Jika pertanyaannya adalah soal ada atau tidak ada, maka hal itu terlalu mudah untuk dijawab. Sudah menjadi ciri khas manusia, sebagai ahsanu taqwiim yang dikaruniai akal suka mengada-adakan hal-hal baru dalam kehidupannya.

Justru hal itulah yang membuat garis sejarah manusia menjadi menarik untuk disimak. Tidak seperti ayam dan kucing, yang sejak generasi pertama hingga saat ini hidupnya begitu-begitu saja, hanya tentang ngeker-ngeker tanah dan mengejar-ngejar tikus.

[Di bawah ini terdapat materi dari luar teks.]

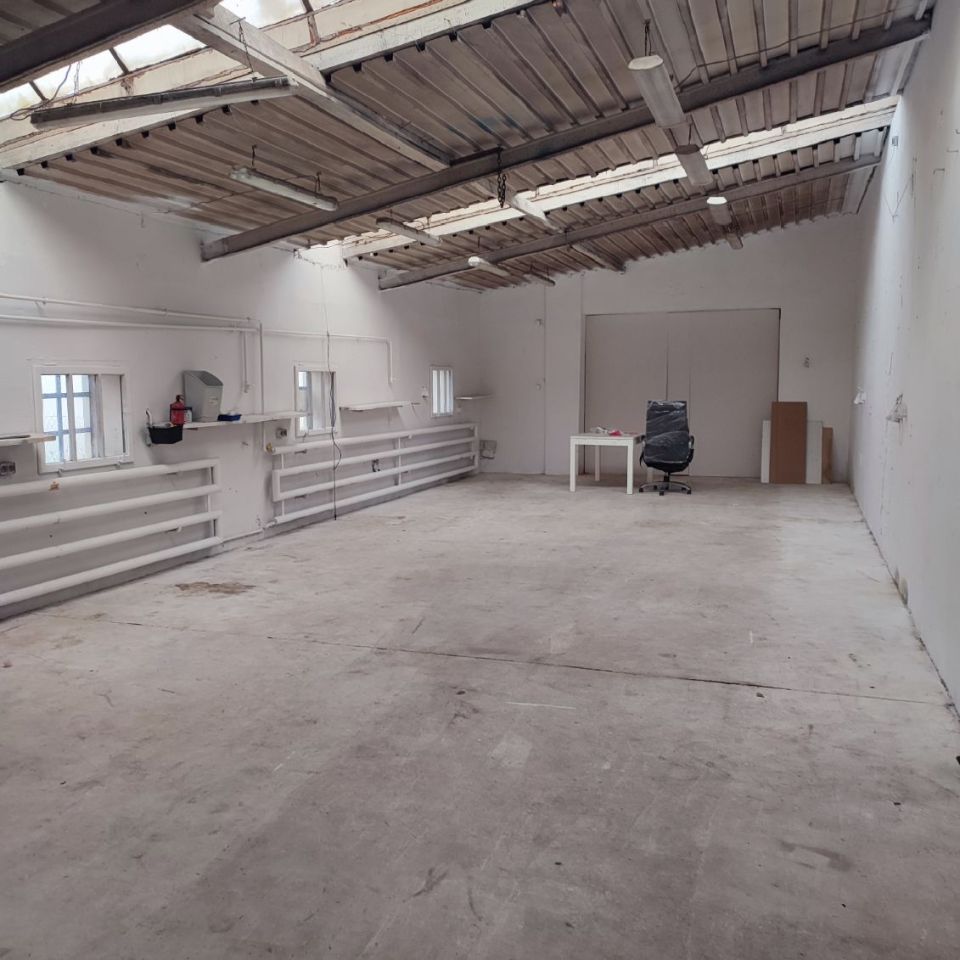 Hala/magazyn Żabia Wola. Zdjęcie 1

“Jihad Media” sebagai sebuah frasa mungkin tidak bisa kita temukan di kitab-kitab matan maupun syarh manapun. Jihad media merupakan bentuk ijtihad dari para ulama dan organisasi-organisasi lain di dunia ini yang menganut ideologi salafi jihadi.

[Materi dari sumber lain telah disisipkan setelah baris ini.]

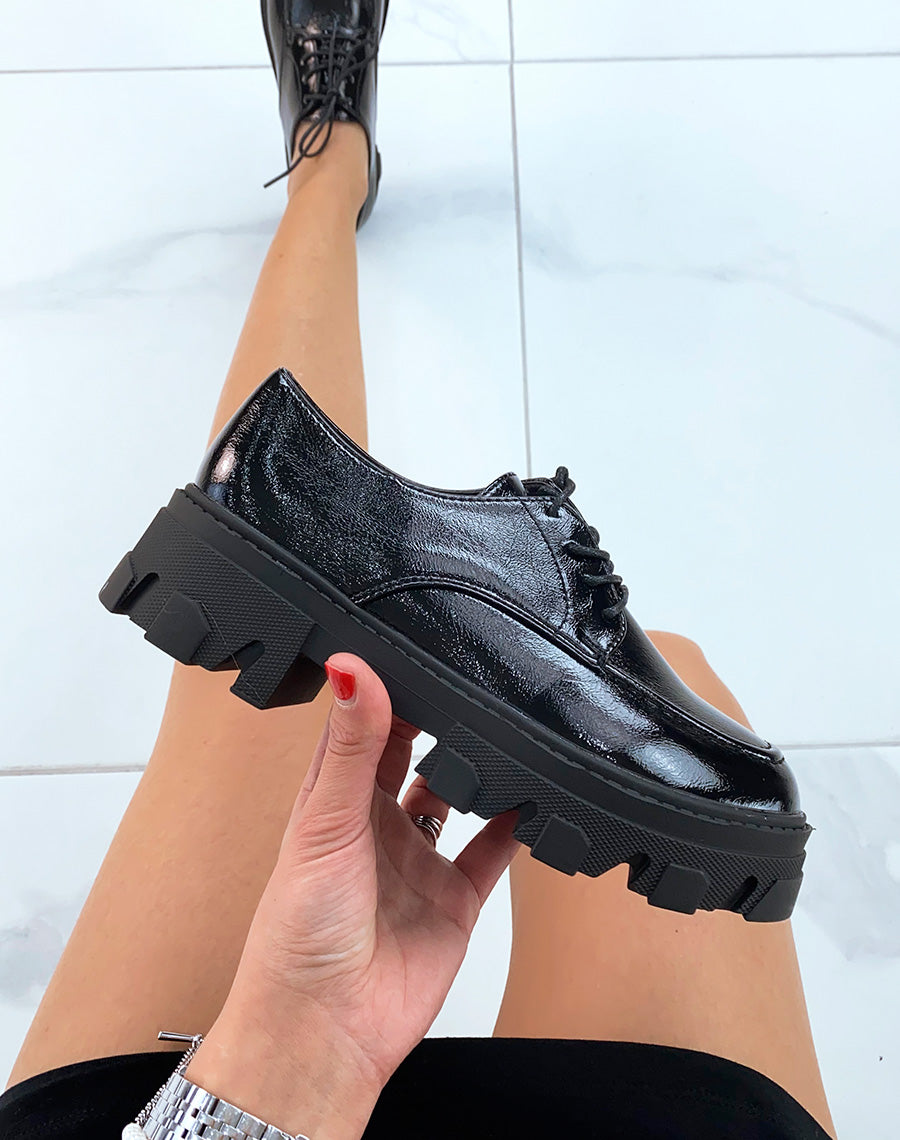 Derbies vernies noires à semelle crantée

Sebagaimana yang diungkapkan oleh Abu Bashir Al-Wuhaisyi, bahwa pekerjaan media adalah setengah dari jihad.

Hal ini mengingatkan kita pada ungkapan seorang Sayyid Qutb yang melegenda, “Peluru hanya bisa menembus satu kepala, tapi tulisan bisa menembus jutaan kepala.”

Selain soal urgensi, tentu ada nash-nash syar’i yang melandasi klaim bahwa segala aktivitas seseorang/sekelompok orang dalam bidang media (baik media cetak, elektronik, maupun sosial) bisa dikategorikan sebagai jihad.

Wahai para Nabi, kobarkanlah semangat para mukmin itu untuk berperang” (Al-Anfal : 65)

Imam As Sa’di mengungkapkan bahwa “kobarkanlah semangat” ini mencakup segala perkara yang mengarah kepada memotivasi orang beriman untuk berjihad dan menguatkan jiwa mereka. Di antaranya dengan menyebarkan kelemahan musuh dan kekacauan dalam barisan mereka.

Juga mengabarkan keindahan apa saja yang Allah janjikan bagi hamba-hambanya yang berjihad, juga ancaman dan hukuman terhadap mereka yang meninggalkan jihad. Yang demikian ini, dan sejenisnya adalah bentuk “kobarkanlah semangat” untuk berperang.

Dari ayat yang disampaikan, serta penjelasan Imam As Sa’di tersebut, dapat kita simpulkan bahwa jihad media merupakan bentuk “kobarkanlah semangat” di era kekinian. Sebuah era di mana media tak lagi menjadi sekedar penyampai informasi semata, namun media telah menjelma menjadi ideological state apparatus, meminjam bahasa Louis Althusser seorang filsuf Neo Marxis asal Prancis, di mana media menjadi alat untuk menjaga kepentingan dan stabilitas rezim yang berkuasa.

Hingga akhirnya media-media tersebut menjadi identik dengan pembentukan opini, framing issue, serta peluncuran propaganda semata. Sehingga prinsip-prinsip ideal yang semestinya dipegang erat-erat oleh sebuah media seperti impartial, cover both sides, serta independent tak lagi dipakai.

Di tengah kegilaan tersebut lah, jihad media terlahir dan hadir sebagai antitesis. Di mana para mujahid media (harus) senantiasa bersungguh-sungguh dan konsisten dalam mengeluarkan produk-produk medianya. Sebuah produk media yang senantiasa memperhatikan interest (kepentingan) umat Islam serta berperan sebagai pressure (penekanan) terhadap segala bentuk kedholiman tanpa mengabaikan prinsip-prinsip independensi dan keberimbangan.

Berbagai cara dapat kita lakukan untuk melakukan Jihad di media sosial seperti, mencegah berbagai isu Hoax dan kabar miring tentang islam, melakan kegiatan yang bermanfaat bagi umat islam seperti berdakwah, sama sama menghargai keputusan atau pendapat orang lain agar tidak muncul persepsi salah paham terhadap islam, dan mensaring terlebih dahulu berbagai kabar yang kita terima sebelum mensharingnya kepada khalayak ramai.

Berbagai produk media dapat kita salurkan dan bagi ke seluruh dunia, dengan perkembangan teknologi dan digitalisasi yang begitu pesat kita diharapkan dapat menjadi mercusuar syiar dakwah islam dalam bidang literasi maupun media lainnya. Banyak macam bentuk yang dapat kita telurkan untuk membawa kita berjihad di jalan allah melalui media daring maupun luring, seperti di koran, buku baik itu karya fiksi dan non fiksi, serta berbagai postan kita di medsos yang dapat bermanfaat serta membawa nilai keislaman di dalamnya.